Kirkus Reviews QR Code
RUNAWAY GIRL by Carissa Phelps

RUNAWAY GIRL

Escaping Life on the Streets, One Helping Hand at a Time

by Carissa Phelps with Larkin Warren

Pub Date: July 9th, 2012
ISBN: 978-0-670-02372-1
Publisher: Viking

A California attorney and youth advocate's rivetingly raw account of the years she spent as a runaway, juvenile delinquent and prostitute.

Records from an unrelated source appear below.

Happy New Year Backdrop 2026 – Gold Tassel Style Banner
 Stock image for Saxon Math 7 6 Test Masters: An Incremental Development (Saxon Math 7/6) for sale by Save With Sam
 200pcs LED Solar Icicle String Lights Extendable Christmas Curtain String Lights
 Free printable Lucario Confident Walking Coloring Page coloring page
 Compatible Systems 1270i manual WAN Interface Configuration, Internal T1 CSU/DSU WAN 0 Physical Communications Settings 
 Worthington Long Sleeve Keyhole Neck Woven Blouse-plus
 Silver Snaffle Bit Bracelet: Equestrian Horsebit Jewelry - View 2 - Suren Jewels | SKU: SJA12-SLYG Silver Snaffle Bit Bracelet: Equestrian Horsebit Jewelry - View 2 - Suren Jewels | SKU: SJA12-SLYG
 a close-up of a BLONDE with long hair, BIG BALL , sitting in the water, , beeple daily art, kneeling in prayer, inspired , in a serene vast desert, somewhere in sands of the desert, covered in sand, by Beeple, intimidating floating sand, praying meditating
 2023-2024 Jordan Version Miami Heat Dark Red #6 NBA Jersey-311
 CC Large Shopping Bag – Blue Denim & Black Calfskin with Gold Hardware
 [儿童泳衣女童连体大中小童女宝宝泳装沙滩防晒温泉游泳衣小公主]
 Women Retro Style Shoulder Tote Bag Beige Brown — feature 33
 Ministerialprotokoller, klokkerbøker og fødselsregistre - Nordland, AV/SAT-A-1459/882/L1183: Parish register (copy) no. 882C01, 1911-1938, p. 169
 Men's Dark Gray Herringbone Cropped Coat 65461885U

Phelps grew up with 11 brothers and sisters in “a noisy, crowded house where the competition for space, food, and attention never stopped” and where money and parental affection were in short supply. To escape, the author began frequenting the homes of neighborhood friends. By the time she was 12, she had become adept at “strategizing about where to sleep and how (not even what) I was going to eat.” Her habits led her exasperated mother to abandon her at the Fresno County juvenile hall. From there, she took to the streets and became entangled with a series of pimps and drug addicts, who brutalized her both physically and emotionally. Two dispiriting years later, Phelps landed at Wakefield, a last-chance reform institution for girls, where she met two people who changed her life: a counselor who helped her regain her self-esteem and a teacher who reignited her love of mathematics. After leaving Wakefield, Phelps returned to school, graduated, went to college at Fresno State and completed a joint J.D./business degree program at UCLA. But the fight was not over. In her personal life, she “burned through friendships, drank [herself] silly, and dated recklessly.” Only after she made the commitment to help troubled, sexually exploited girls did Phelps begin to find an end to the restlessness that had kept her on the run.

A genuinely important book that casts the problem of sex trafficking in America into stunning, heartbreaking relief.